Task description>
The part below that opens with the line containing "3k312 ADVENTURE IN" and closes with the line containing "50 jugos de" should be copied exactly, minus any pictures.

Top of Data supplied

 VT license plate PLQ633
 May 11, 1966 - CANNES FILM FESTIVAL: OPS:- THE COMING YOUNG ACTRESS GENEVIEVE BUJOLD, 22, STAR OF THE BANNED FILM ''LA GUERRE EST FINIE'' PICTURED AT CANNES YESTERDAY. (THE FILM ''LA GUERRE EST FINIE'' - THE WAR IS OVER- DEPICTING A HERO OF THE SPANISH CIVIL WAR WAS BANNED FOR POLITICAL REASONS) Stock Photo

Bottom of Data supplied
Top of Data supplied

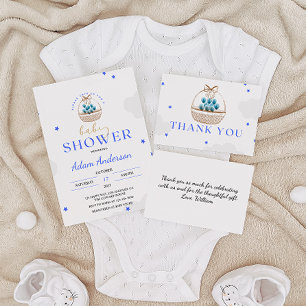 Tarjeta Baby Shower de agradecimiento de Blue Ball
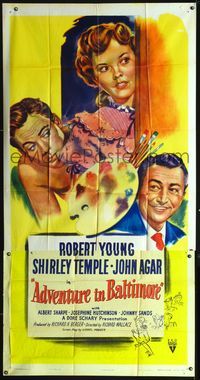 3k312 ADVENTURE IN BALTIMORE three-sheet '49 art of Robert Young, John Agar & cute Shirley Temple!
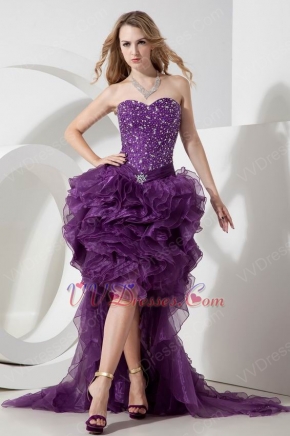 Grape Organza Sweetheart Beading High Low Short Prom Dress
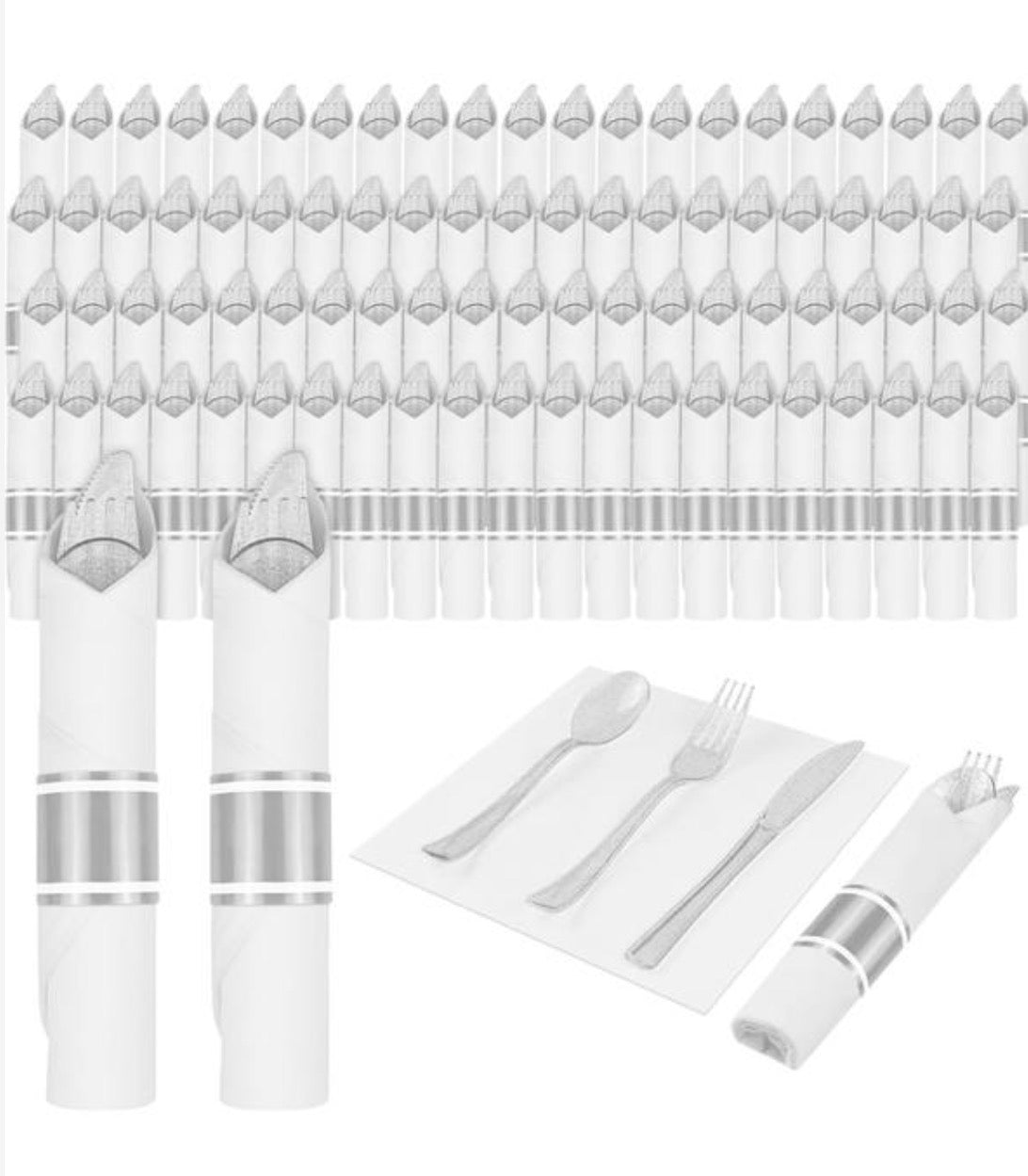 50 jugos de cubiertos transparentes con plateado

Bottom of Data supplied
Top of Data supplied

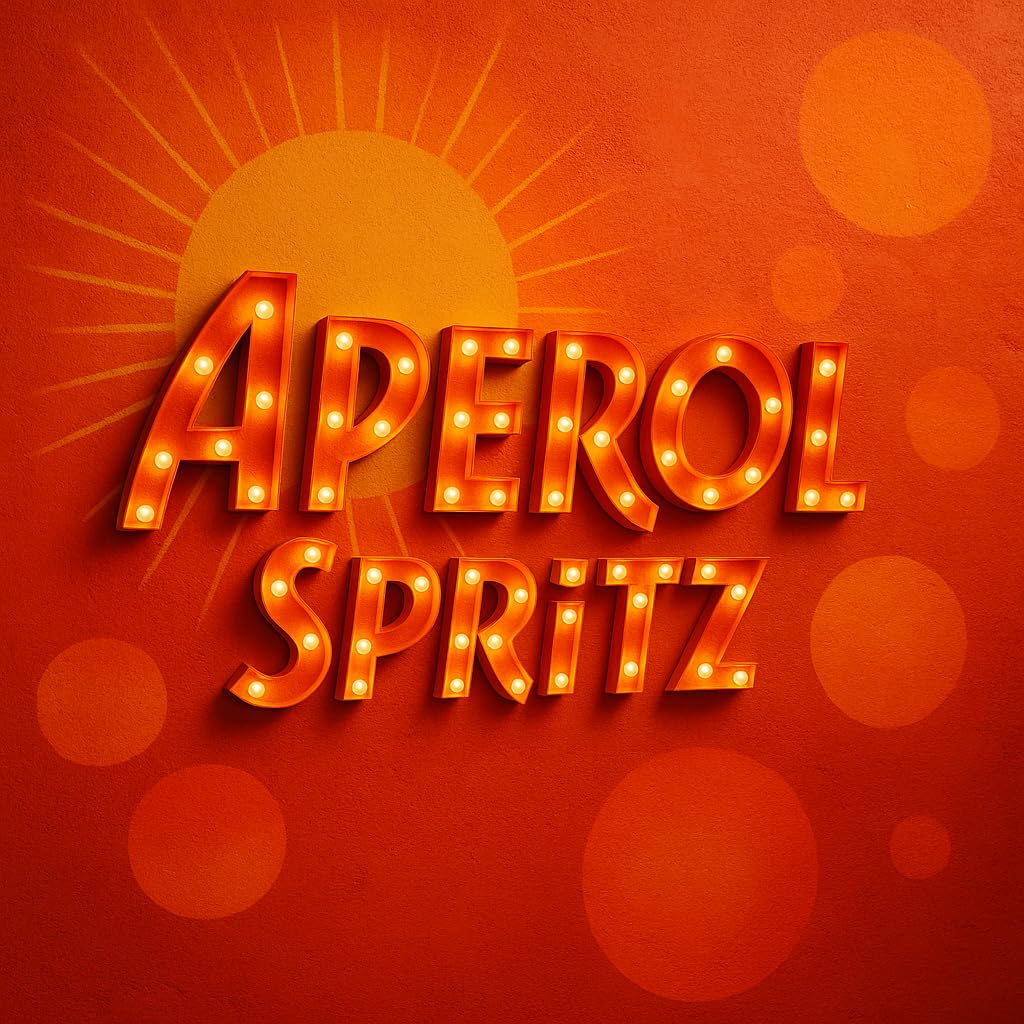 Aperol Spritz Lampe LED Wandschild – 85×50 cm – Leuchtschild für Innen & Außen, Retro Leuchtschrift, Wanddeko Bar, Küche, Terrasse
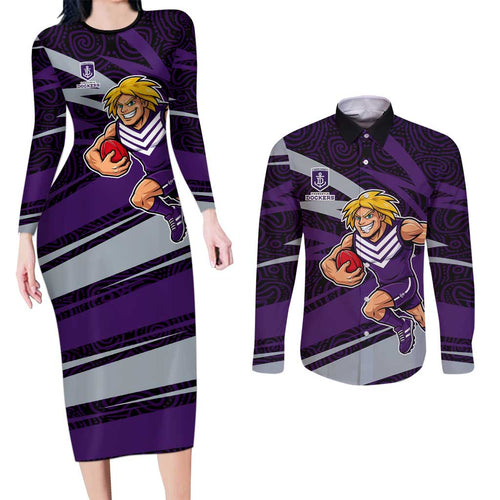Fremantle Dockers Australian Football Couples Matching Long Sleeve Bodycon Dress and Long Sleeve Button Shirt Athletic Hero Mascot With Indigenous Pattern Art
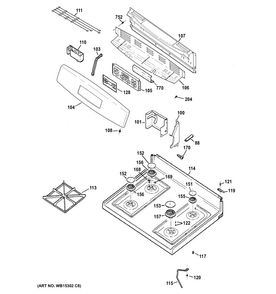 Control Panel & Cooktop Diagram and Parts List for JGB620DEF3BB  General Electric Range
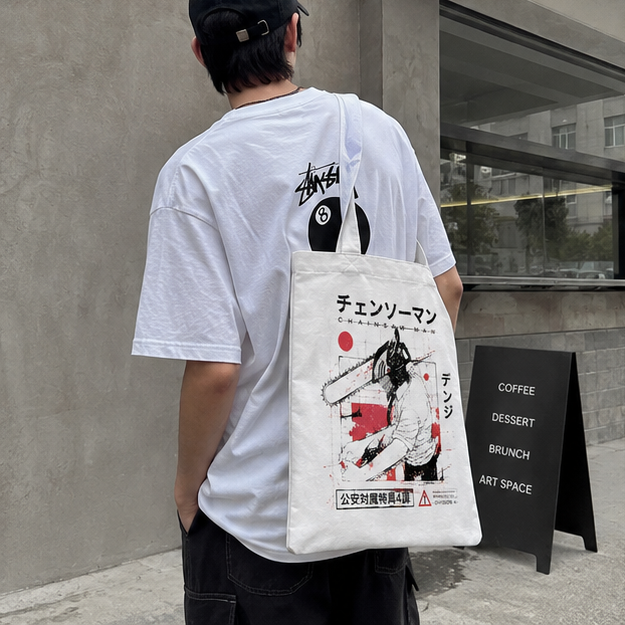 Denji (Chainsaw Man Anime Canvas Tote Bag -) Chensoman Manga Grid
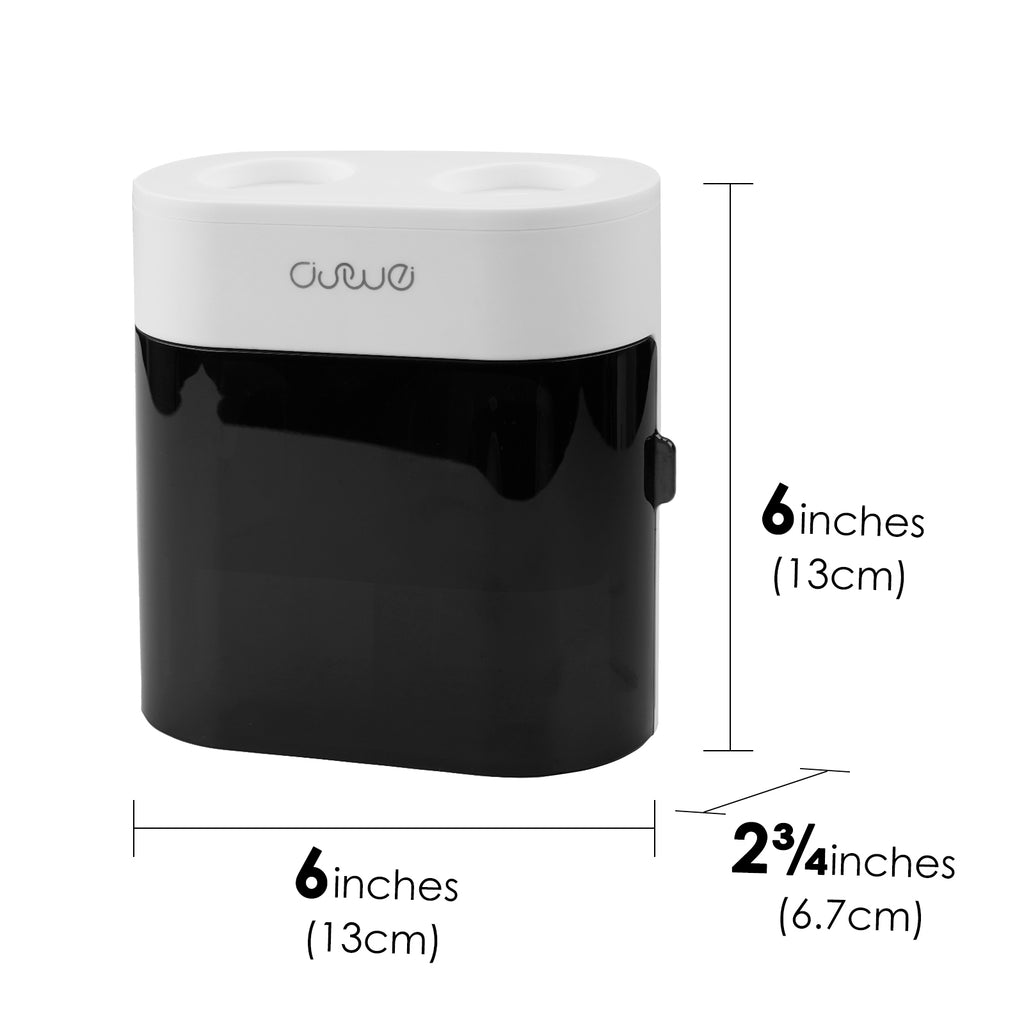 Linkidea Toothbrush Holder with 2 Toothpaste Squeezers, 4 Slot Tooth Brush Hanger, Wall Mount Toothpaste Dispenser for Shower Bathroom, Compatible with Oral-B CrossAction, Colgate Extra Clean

Bottom of Data supplied

Written solution>
 3k312 ADVENTURE IN BALTIMORE three-sheet '49 art of Robert Young, John Agar & cute Shirley Temple!
 Grape Organza Sweetheart Beading High Low Short Prom Dress
 50 jugos de cubiertos transparentes con plateado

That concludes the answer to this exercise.